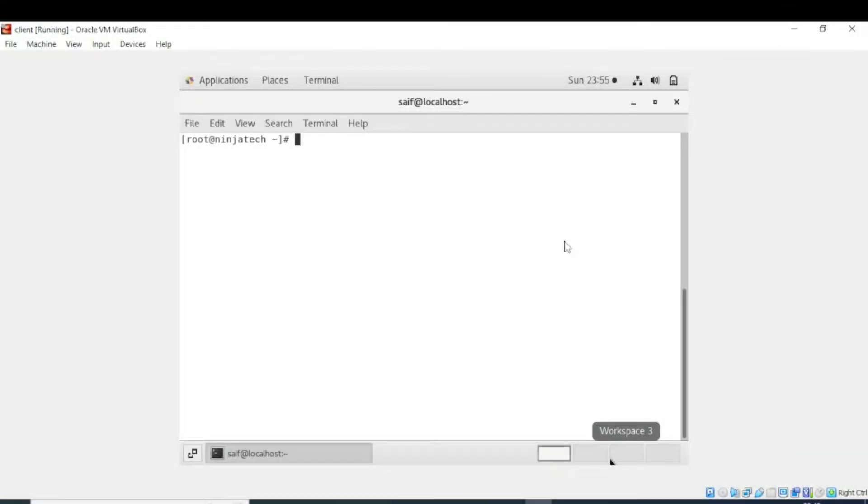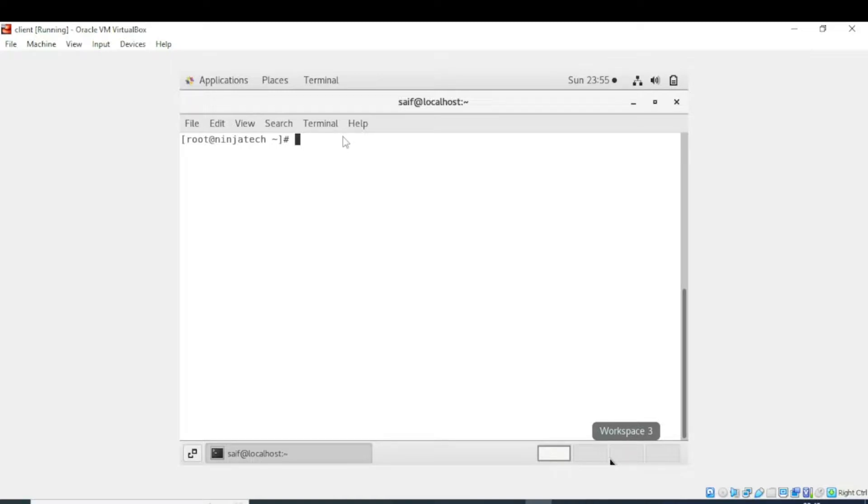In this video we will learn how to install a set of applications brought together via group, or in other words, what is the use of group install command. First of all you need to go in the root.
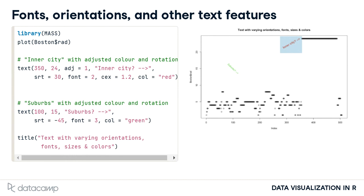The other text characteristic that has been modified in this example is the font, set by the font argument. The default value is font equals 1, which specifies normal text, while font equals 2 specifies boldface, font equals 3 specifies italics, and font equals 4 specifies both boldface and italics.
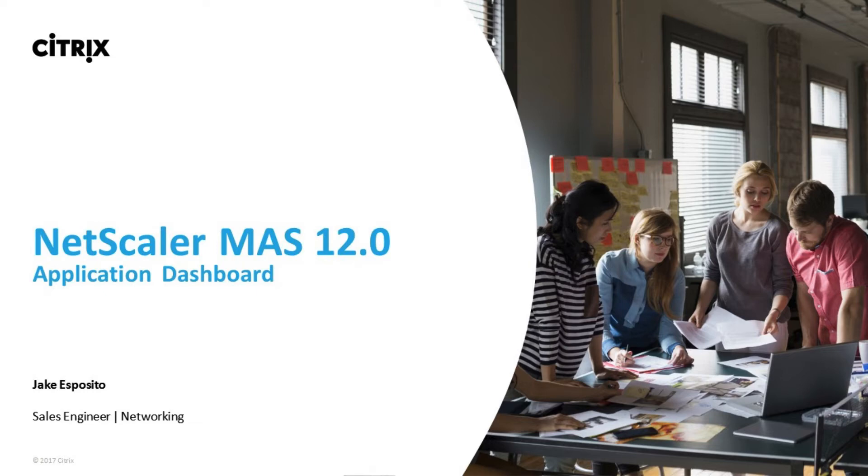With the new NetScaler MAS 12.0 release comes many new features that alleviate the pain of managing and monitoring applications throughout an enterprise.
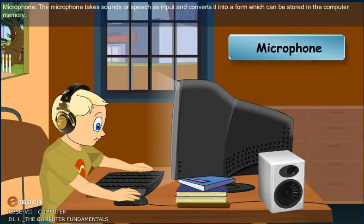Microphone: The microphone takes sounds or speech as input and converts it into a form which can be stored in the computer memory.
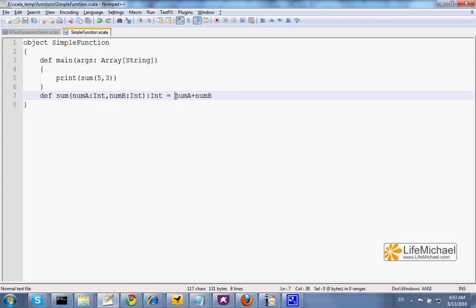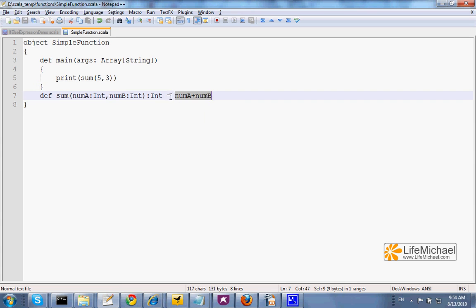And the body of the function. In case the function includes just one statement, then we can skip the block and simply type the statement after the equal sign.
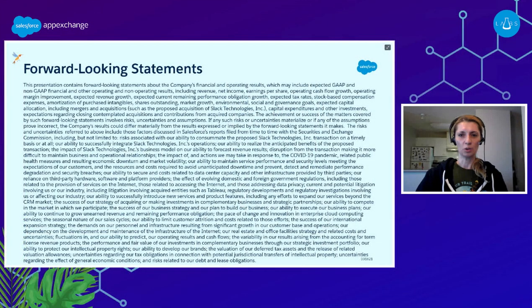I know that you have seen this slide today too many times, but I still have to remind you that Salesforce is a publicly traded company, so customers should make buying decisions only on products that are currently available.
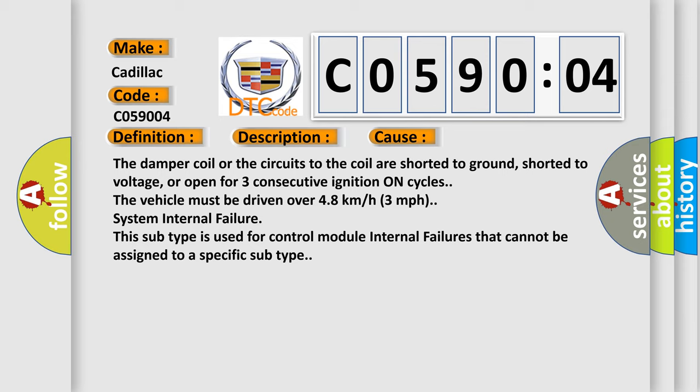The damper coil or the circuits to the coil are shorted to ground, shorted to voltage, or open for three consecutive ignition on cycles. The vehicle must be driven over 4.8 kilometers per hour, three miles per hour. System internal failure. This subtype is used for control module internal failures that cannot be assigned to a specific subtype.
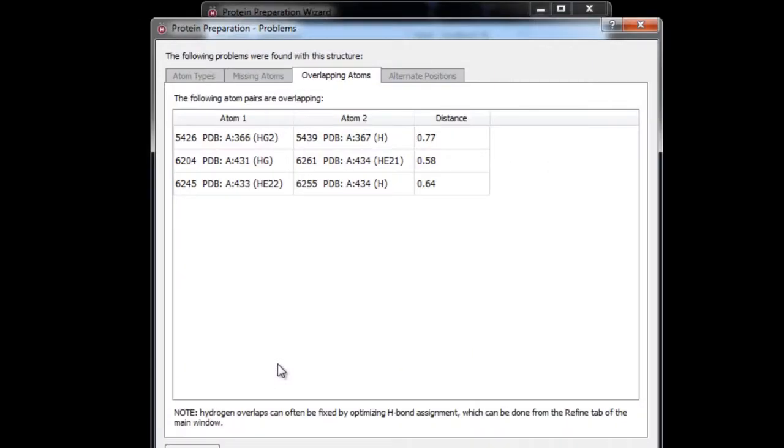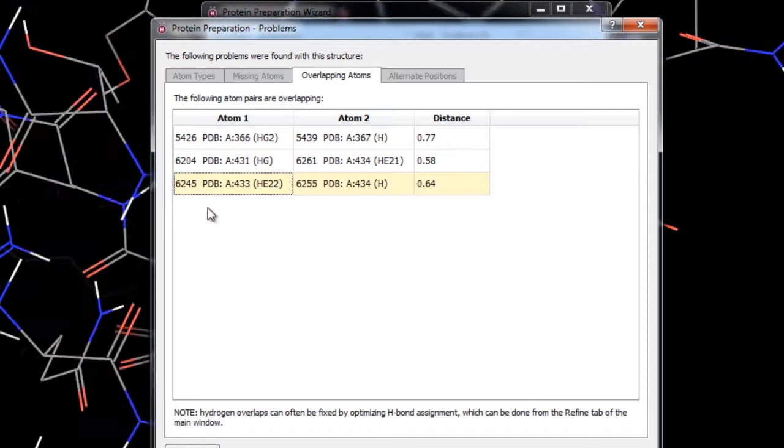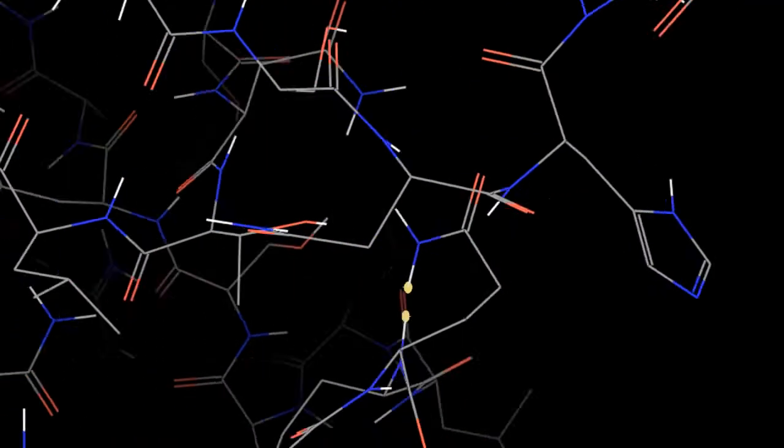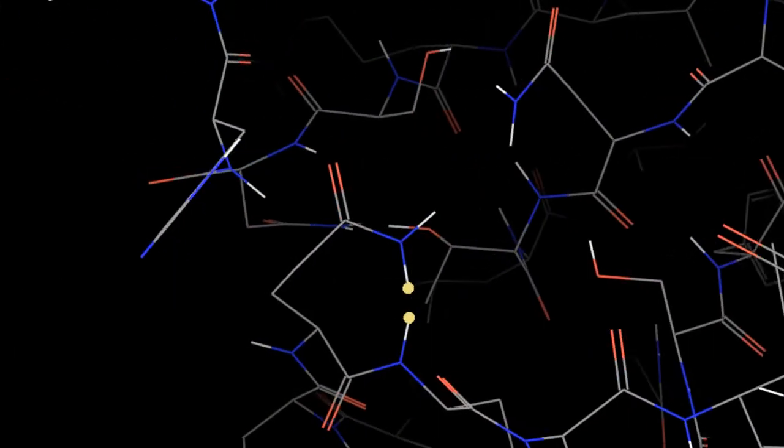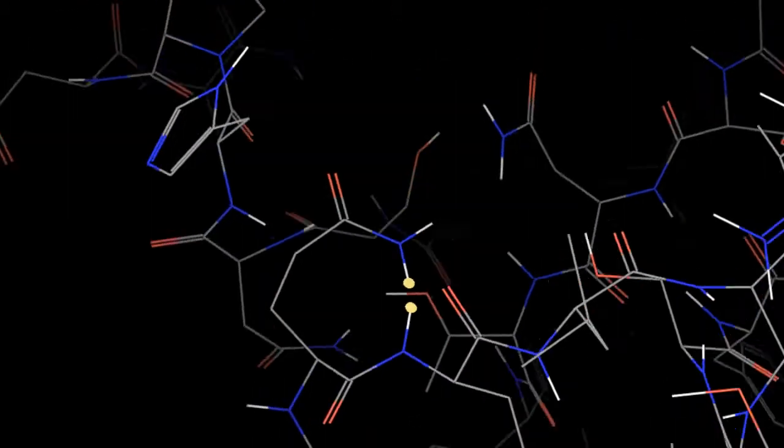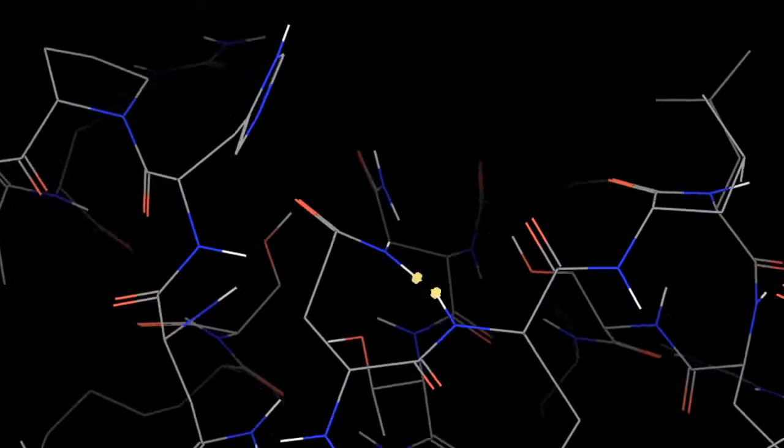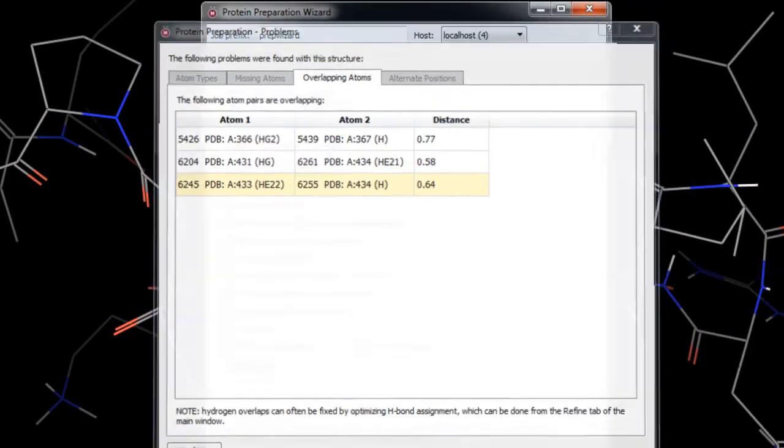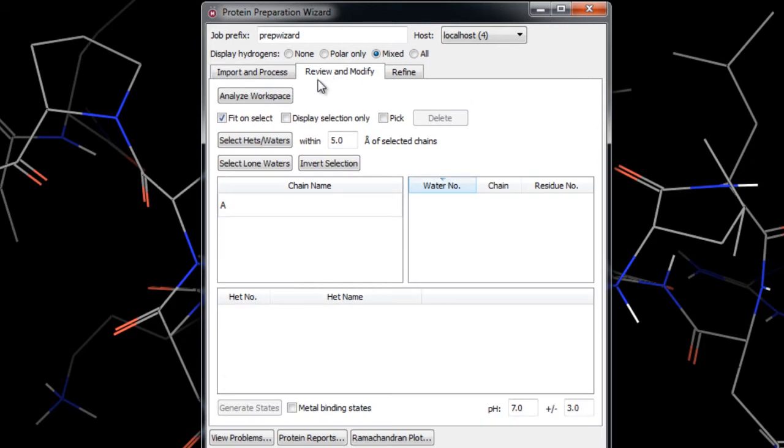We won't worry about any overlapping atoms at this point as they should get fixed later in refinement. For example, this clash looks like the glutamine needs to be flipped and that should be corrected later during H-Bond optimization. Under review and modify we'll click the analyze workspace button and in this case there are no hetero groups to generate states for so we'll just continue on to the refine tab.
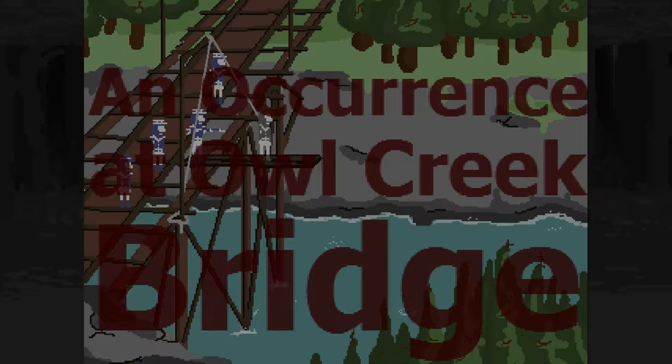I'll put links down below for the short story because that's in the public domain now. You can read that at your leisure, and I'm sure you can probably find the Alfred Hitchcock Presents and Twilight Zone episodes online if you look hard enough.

------------

» Work order: Reprint the whole listing verbatim except for the pictures.

» Answer box:
In this video we will learn how to install a set of applications brought together via group, or in other words, what is the use of group install command. First of all you need to go in the root.
The other text characteristic that has been modified in this example is the font, set by the font argument. The default value is font equals 1, which specifies normal text, while font equals 2 specifies boldface, font equals 3 specifies italics, and font equals 4 specifies both boldface and italics.
With the new NetScaler MAS 12.0 release comes many new features that alleviate the pain of managing and monitoring applications throughout an enterprise.
Microphone: The microphone takes sounds or speech as input and converts it into a form which can be stored in the computer memory.
And the body of the function. In case the function includes just one statement, then we can skip the block and simply type the statement after the equal sign.
I know that you have seen this slide today too many times, but I still have to remind you that Salesforce is a publicly traded company, so customers should make buying decisions only on products that are currently available.
The damper coil or the circuits to the coil are shorted to ground, shorted to voltage, or open for three consecutive ignition on cycles. The vehicle must be driven over 4.8 kilometers per hour, three miles per hour. System internal failure. This subtype is used for control module internal failures that cannot be assigned to a specific subtype.
We won't worry about any overlapping atoms at this point as they should get fixed later in refinement. For example, this clash looks like the glutamine needs to be flipped and that should be corrected later during H-Bond optimization. Under review and modify we'll click the analyze workspace button and in this case there are no hetero groups to generate states for so we'll just continue on to the refine tab.
I'll put links down below for the short story because that's in the public domain now. You can read that at your leisure, and I'm sure you can probably find the Alfred Hitchcock Presents and Twilight Zone episodes online if you look hard enough.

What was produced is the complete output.